(Data for this task)

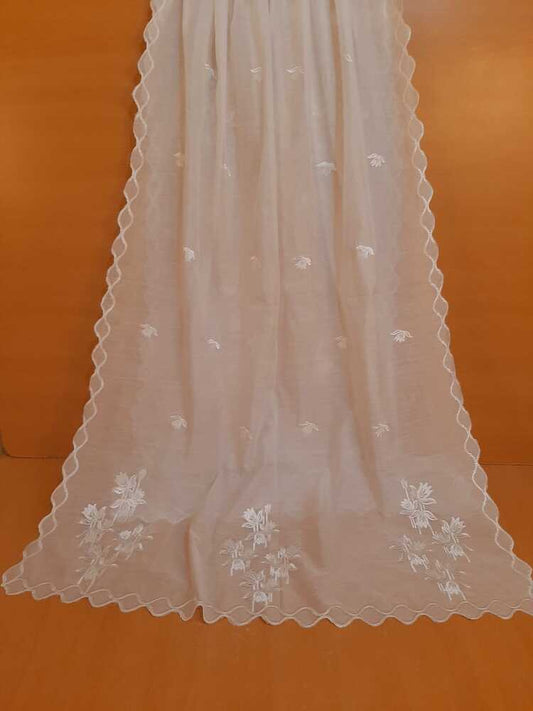 Voile Lawn Dupatta - White - MV05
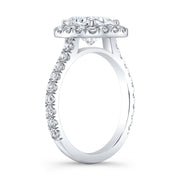 Emerald Cut Halo Engagement Ring Side Profile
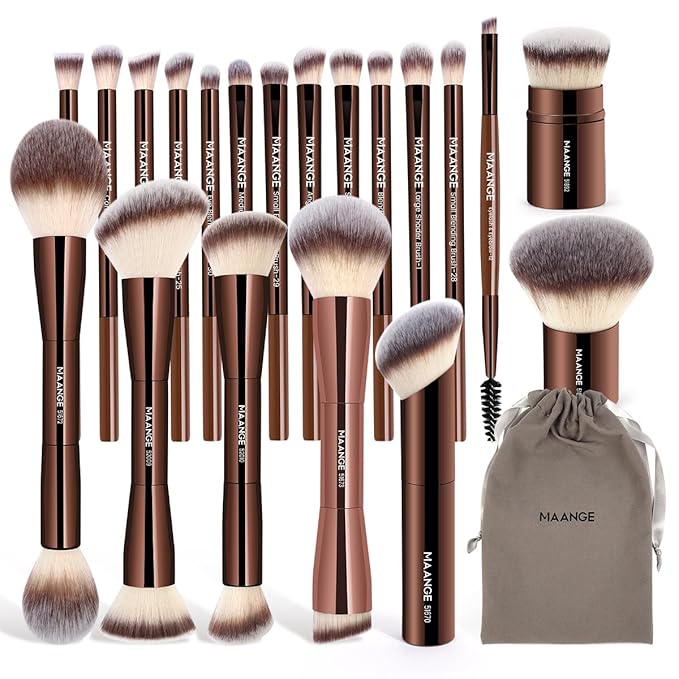 MAANGE 20 PCS Foundation Makeup Brush Set, Double-ended Kabuki Contour Brush for Liquid Powder Concealer Blending Blush Face Makeup Tools (Coffee)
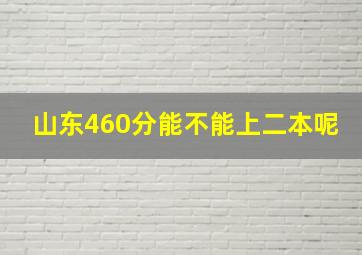 山东460分能不能上二本呢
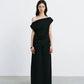 Elegant High-Waisted A- Line Skirt For Women Summer Commuting Long Dress Textile Song WhiteDrapedSideSlitLongDress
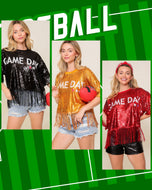 Game Day Sequin Fringe Top
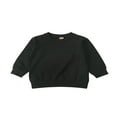 thumbnail image 1 of Kid Infant Baby Girl Boy Solid Color Pullovers Sweatshirt for Fall Spring, 1 of 6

(End Data for this task)

◆ **Problem to solve**
Please print the line that contains "Emerald Cut Halo" along with every later line of the material, exactly, through the last one. Leave pictures out of the copy.

◆ **Result of this task**
 Emerald Cut Halo Engagement Ring Side Profile
 MAANGE 20 PCS Foundation Makeup Brush Set, Double-ended Kabuki Contour Brush for Liquid Powder Concealer Blending Blush Face Makeup Tools (Coffee)
 山东460分能不能上二本呢
 Elegant High-Waisted A- Line Skirt For Women Summer Commuting Long Dress Textile Song WhiteDrapedSideSlitLongDress
 Game Day Sequin Fringe Top
 thumbnail image 1 of Kid Infant Baby Girl Boy Solid Color Pullovers Sweatshirt for Fall Spring, 1 of 6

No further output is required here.